Y acaso es todavía más explícito este otro documento. Es del [228] Cardenal Mercier y a él hicimos ya referencia. Recuérdese la memorable ocupación de Bélgica por las tropas alemanas en los primeros meses de la gran guerra. El célebre Cardenal, estimando como un atropello, no sólo la invasión, sino la constitución del gobierno alemán en el Estado belga, declaró de esta manera las obligaciones de los ciudadanos para con el poder de hecho:

«Considero como una obligación de mi cargo pastoral, definir nuestros deberes de conciencia frente al poder que ha invadido nuestro suelo y que, momentáneamente, ocupa la mayor parte. Este poder no es una autoridad legítima. Por consiguiente, en el fondo de vuestra alma, no le debéis ni estima, ni adhesión, ni obediencia. El único poder legítimo, en Bélgica, es el que pertenece a nuestro Rey, a su gobierno, a los representantes de la nación. Él sólo es para nosotros la autoridad; él sólo tiene derecho al afecto de nuestros corazones, a nuestra sumisión. Los actos de administración de la autoridad ocupante carecerían por sí mismos de vigor, pero la autoridad legítima ratifica tácitamente cuanto justifica el interés general, y sólo de esta ratificación les viene todo su valor jurídico… Hacia las personas, que dominan por la fuerza militar nuestro país y que en el fondo de su conciencia no pueden menos de admirar la energía caballeresca, con que hemos defendido y defendemos nuestra independencia, tengamos las consideraciones, que exige el interés general… Respetemos los reglamentos, que nos impongan en cuanto no lesionen ni la libertad de nuestras conciencias cristianas ni nuestra dignidad patriótica.

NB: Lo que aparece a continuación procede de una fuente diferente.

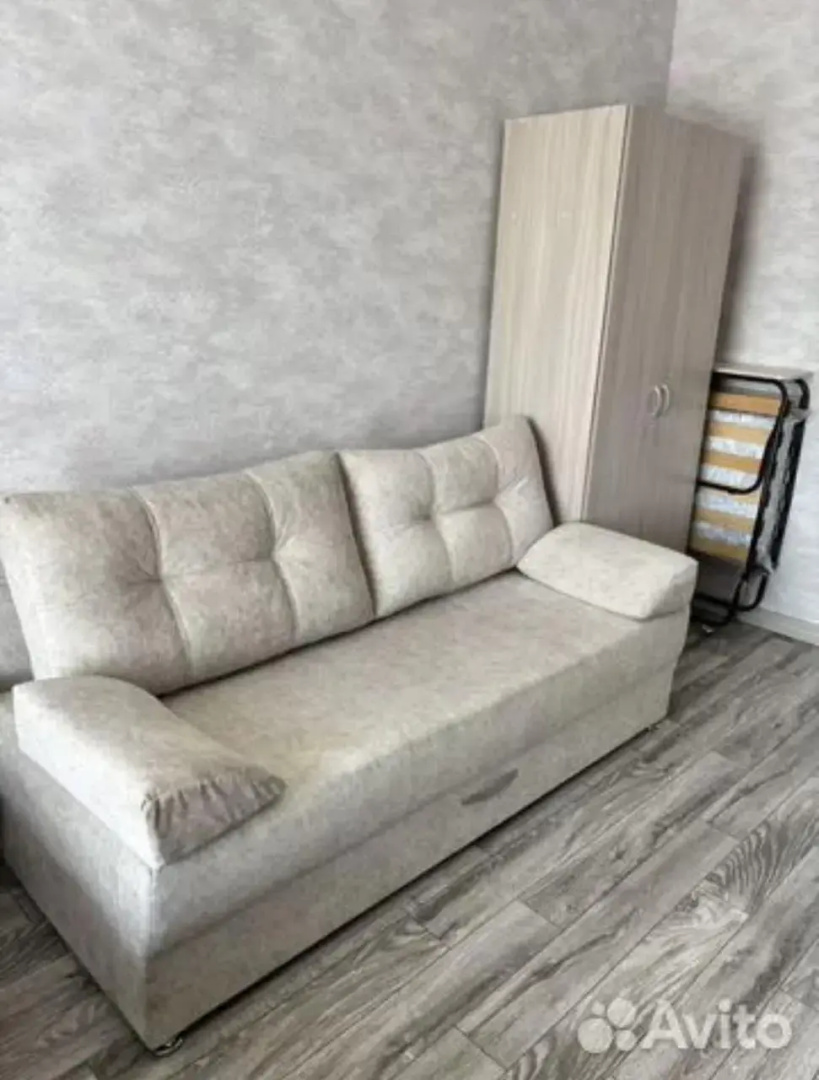 Квартира по дороге в Аэропорт и у Аквапарка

No confundamos el valor con la bravata, ni la bravura con la agitación.»{37}

Esta declaración del Cardenal tronó en el mundo civilizado más estremecedora que los cañones del frente. Pero, a la hora de la paz, los mismos enemigos, al retirar sus tropas, hubieron de declarar que el verdadero representante de Bélgica era el Cardenal Mercier{38}.

A. DE CASTRO ALBARRÁN

Notas
{25} Cursus Scripturae Sacrae Comentarium in Evangelium secundum Matthaeum; in cap. 22, 21.
{26} Rom. 13, 2; Ephes. 6, 5; Colos., 3, 22; Tit. 2, 9; 1 Petr. 2, 17, 18.
{27} El Protestantismo..., vol. IV, c. 55.
{28} El Protestantismo..., vol. IV, cap. 54.
{29} 1 de mayo de 1931.
{30} Encíclica, 3 de junio de 1933.
{31} Discurso a los peregrinos franceses, el 19 de abril de 1909.
{32} Pastoral, 1° de mayo de 1931.
{33} 20 de diciembre de 1931.
{34} Encíclica, 3 de junio de 1933.
{35} Dictionnaire Apologétique de la Foi Catholique, artículo «Insurrection».
{36} Cfr. Artaud, Historia de la vida y del Pontificado de Pío VII, Madrid, 1838, t. 2°, p. 187.
{37} Pastoral, Patriotisme et endurance.
{38} Cfr. Zaragüeta, El concepto católico de la vida, según el Cardenal Mercier, t. 1. Madrid, 1930, p. 56 y siguientes.